綾人がフランスに静養に行く前に挨拶がしたいという、美咲とその母の薫の申し入れがあり、今日はこうして亡き人の眠る場所へとやって来たのだ。美咲の父の一馬と母の薫とは、後で合流する事になっていた。

グレーのワンピースに白のレースのボレロを羽織った美咲が、白と青の花達で作られた大きめの花束を抱え込んだまましゃがみ込む。
首元には、金色の十字架が光っている。

「はじめまして。私、真山美咲と言います。よろしくお願いします。」

そう言って、二つの墓石の間に静かに花束を供える。
美咲の挨拶に答えるかのように、一陣の風が優しく美咲の頬を撫でていった。

「そして、ありがとう。お兄さんに会わせてくれて。」

美咲は、墓石に刻まれている樹里の名を、そっと撫でる。
冷たい石のはずなのに、指先に伝わってくるものは、暖かだった。

「やっぱ、そうなのかな・・・。」

そう呟いた人を、美咲は振り返り、見上げる。
青のジーンズにフード付きの黒のジップアップシャツを着た綾人が、腕を組み苦笑いをしていた。伸びた髪が、そよ風になびいている。
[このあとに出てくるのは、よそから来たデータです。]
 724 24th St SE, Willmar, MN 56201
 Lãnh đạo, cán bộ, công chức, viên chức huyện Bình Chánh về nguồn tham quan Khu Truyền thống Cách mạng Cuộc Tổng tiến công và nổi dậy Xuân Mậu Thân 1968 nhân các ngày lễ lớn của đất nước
「そうよ。色んな場面で、樹里ちゃんが私達を助けてくれたんだと思う。樹里ちゃんの想いが無ければこうやって一緒には居られなかったと思う。」
「・・・・そうか・・・・。」

感慨深気に綾人が呟いた時、美咲のバックの中で、マナーモードになっていた携帯が震えた。急いでバックから取り出し、画面を確認すると、父の一馬からだった。
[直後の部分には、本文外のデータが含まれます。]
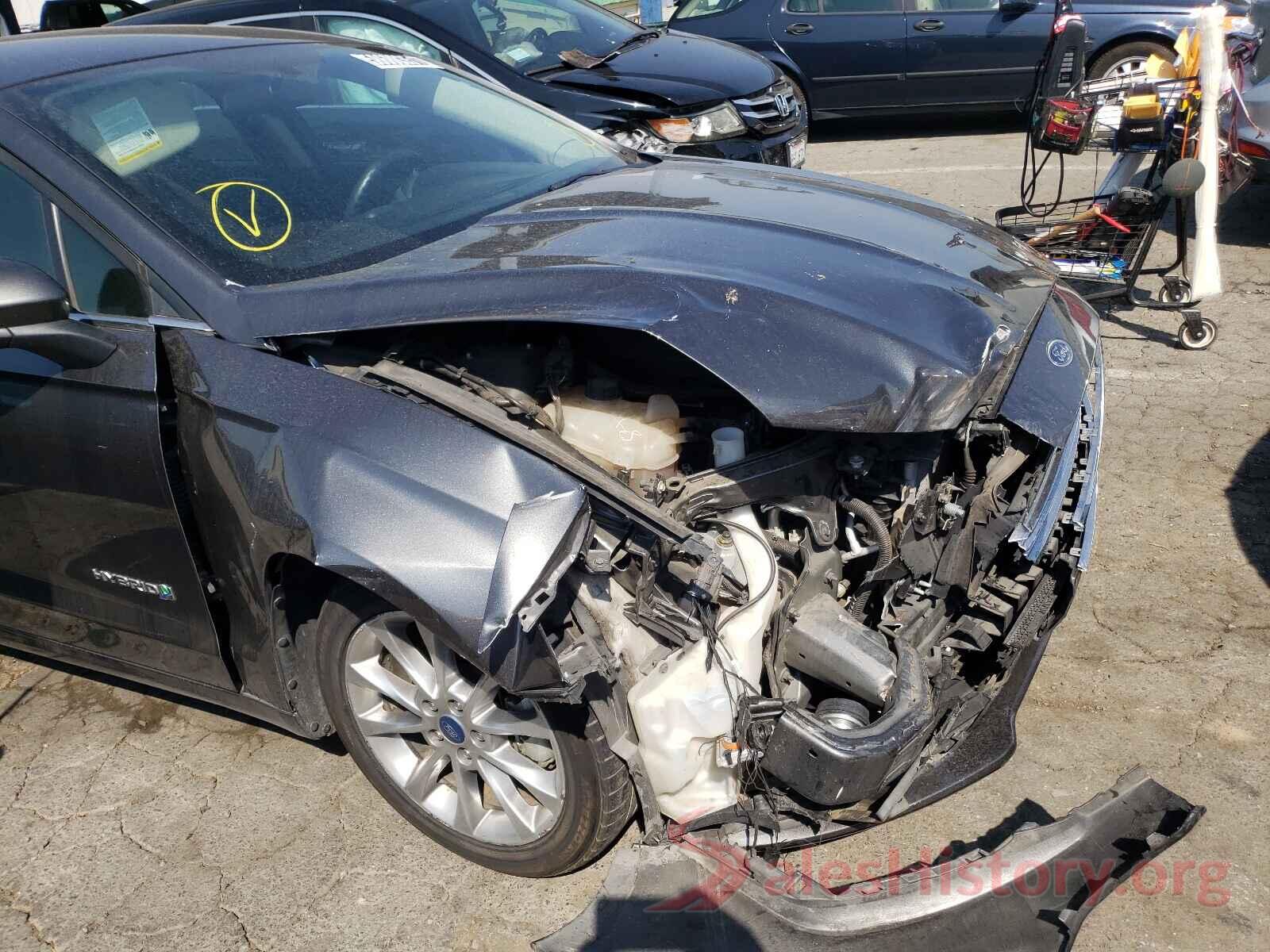 3FA6P0LU8HR385555 2017 FORD FUSION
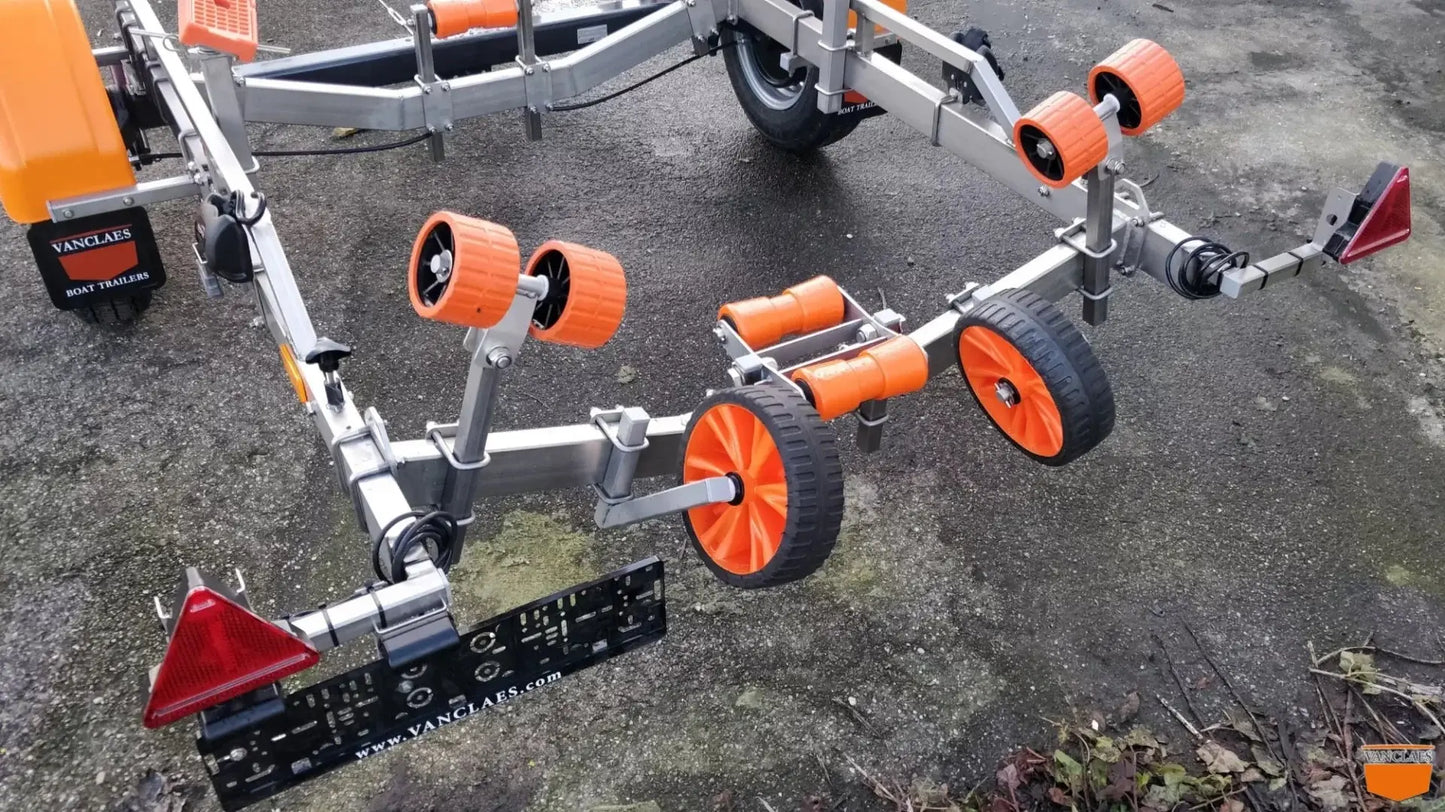 Van Claes Navis 1350 550 geremd 1 as - Marinaut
「もしもし。・・・・あ、着いたんだ。じゃあ、迎えに行くよ。・・・・うん。じゃあね。」

美咲は、電話を切るとバックの中に放り込み、

「じゃあ、私、お父さん達を迎えに行って来るね。」

と言いながら立ち上がる。

「俺が行くよ。」
「大丈夫!信裄さんから貰った地図があるから!!」

歩みだそうとする綾人より早く、美咲は両親を迎えに走り出していた。
少し高さのあるサンダルで走っていく姿を、

(よく、あのかかとで走れるよなぁ)

と感心しつつ綾人は見送った。
愛しい彼女の姿が視界から消えた綾人は、墓石に向き直る。
そこには、白のワンピースに身を包んだ樹里が立っていた。
ジーンズのポケットに両手を突っ込み、呆れ顔の綾人は、自分と同じ顔の妹に向かって

「おせっかい・・・。」

と呟いた。
目の前の妹は、思いっきり右目の下を手で引っ張り、赤い舌を出し、兄に向かい
“あっかんべーーー”をしている。
姿だけは大人になった妹の変わらない仕種に、綾人の顔が綻ぶ。

「・・・・・ありがとう・・・・・。」

綾人の感謝の言葉に、小さく微笑むと、樹里は周りの景色に溶け込んで行った。
妹を見送った綾人は静かに目を閉じる。そして、胸一杯に空気を吸い込み、それを吐き出すと同時に歌を歌い出した。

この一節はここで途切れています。